Habeş hükümdarı Ebrehe, Yemen diyarını zapt eder ve Payitahtını korumak için Kabe’ye karşı bir Kilise yaptırır. Bu, maksadına, ulaşmak için de, Kabe’yi, yıkmak üzere Mekke’ye doğru yürür. Hz. Peygamberimizin, doğduğu yıldır bu yıl. Ebrehe’nin büyük bir fil ordusu vardı. Savaşta, bu filleri kullanıyordu ve fillerin büyüğü olan MAMUT adını taşıyanına ise Ebrehe çok güveniyordu. Mekke’yi, zapt edip, Kabe’yi, yıkmak için, filleriyle gelince, fil bir türlü Kabe üzerine yürümüyor ve yere diz çöküyordu. Başka taraflara koşarak, gidiyordu. Tam, bu esnada, bir çok EBABİL kuşu denen kuşlar, gökyüzünden, ağızlarında ki, ayaklarında ki taşları Ebrehe’nin askerleri üzerine atıyorlardı. Bu taşlar, askerleri ya öldürüyor, veya bir tür hastalığa sebep oluyordu. Bazı askerler de, Yemene kaçtılar. Ebrehe de, hasta bir halde, Yemen den Sana’ya kaçtı orada hastalıktan dolayı öldü.

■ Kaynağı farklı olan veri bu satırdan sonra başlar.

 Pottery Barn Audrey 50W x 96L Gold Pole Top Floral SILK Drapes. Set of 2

Ebrehe ordusu, Mekke’yi kuşattığı zaman kentin idaresi, Hz. Peygamber’in dedesi Abdülmuttalip’in idaresindeydi. Mekke’ye, yaklaşan Ebrehe’yi durdurmak ve aldığı mal ve develeri tekrar istemek için, Abdülmuttalip, Ebrehe’den, askerlerin el koyduğu deve sürülerini geri vermesini talep eder. Bu isteğe, Ebrehe güler ve sen ne biçim adamsın, ben koca Kabe’yi yıkmaya gelmişim, sen Kabe’yi yıktırmayacağın yerde, gelmiş benden develeri istiyorsun der. Abdülmuttalip de şöyle söyler. Ben, sahip olduğum develeri, korumakla görevliyim. Kabe’ye, gelince, o’nu, sahibi olan, kudret koruyacaktır der.

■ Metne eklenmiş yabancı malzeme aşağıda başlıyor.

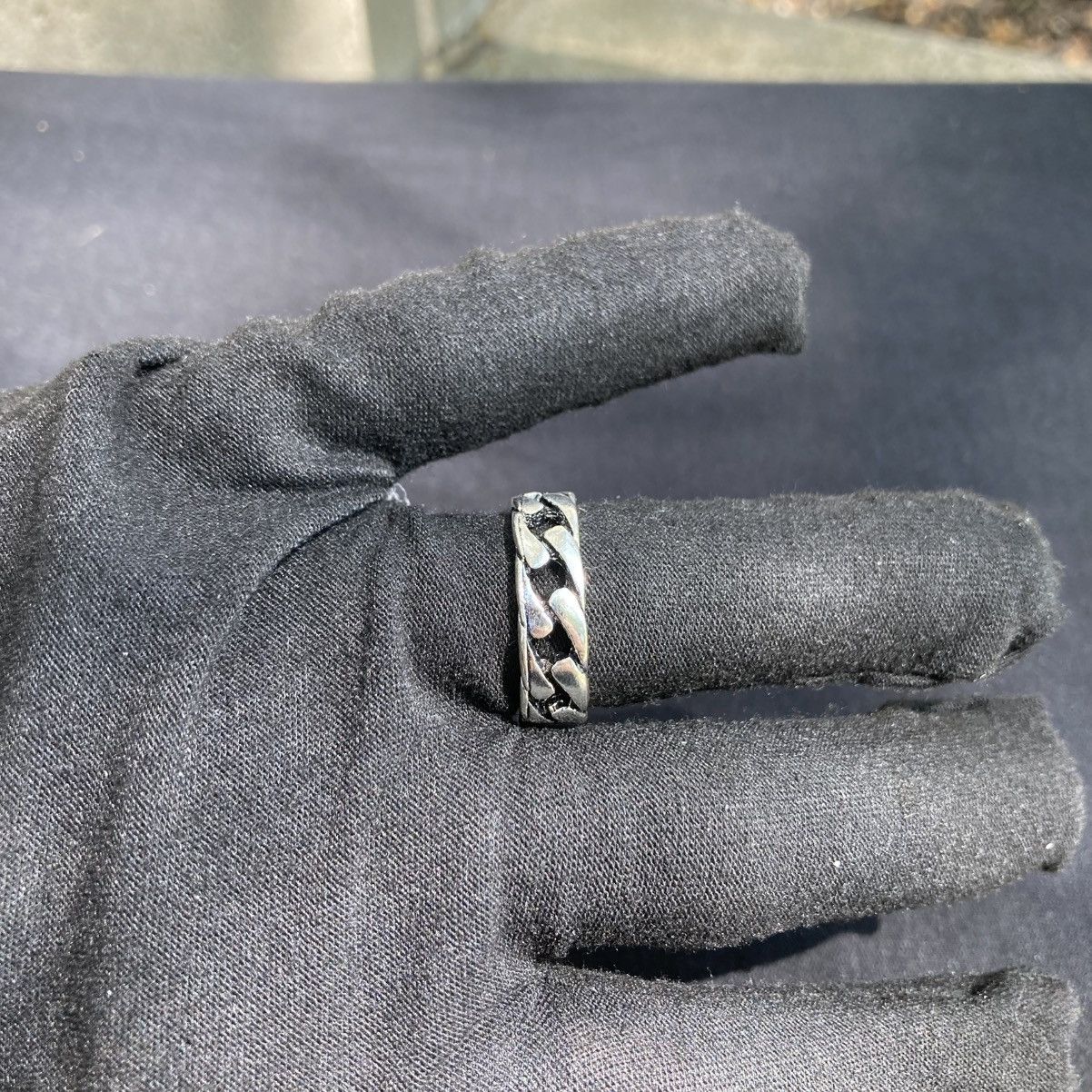 Jewelry Solid Stainless Steel Ring Cuban Link Ring Size 9 Size ONE SIZE - 6 Thumbnail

Hakikaten, Kabe’nin, sahibi olan Allah, Kabe’yi korumuş ve Ebre’he ordusu hezimete uğrayarak perişan olmuştur. Ebre’he ordusunu helak eden, Ebabil kuşlarının attığı taşların esas mahiyeti neydi? İbn İshak ölümü 151/768. Şöyle bir nakil yapar. Arap topraklarında, kızamık ve çiçek hastalığının ilk defa, Ebre’he ordusunun baskını sırasında görüldüğünü söylüyor. Mısırlı müfessir Muhammed Abduh ölümü 1905, İse Ebabil kuşlarının attığı taşlar, çeşitli mikropları sembolize etmektedir der. Sure, yine bizlere şu bilgileri de hatırlatıyor. Ahlaksız ve egemen gücün, her çağda, ben güçlüyüm o zaman ben kaklıyım mantığının doğru olamayacağını, en büyük olan filin, büyük ama haksızlığı, Ebabil kuşunun da küçük ama haklı olmayı temsil ettiğini açıklar ve güce güvenmenin, her ahlaksızlığın er veya geç yıkılacağını, zalimliğe, güce güvenilmemesini bize hatırlatıyor.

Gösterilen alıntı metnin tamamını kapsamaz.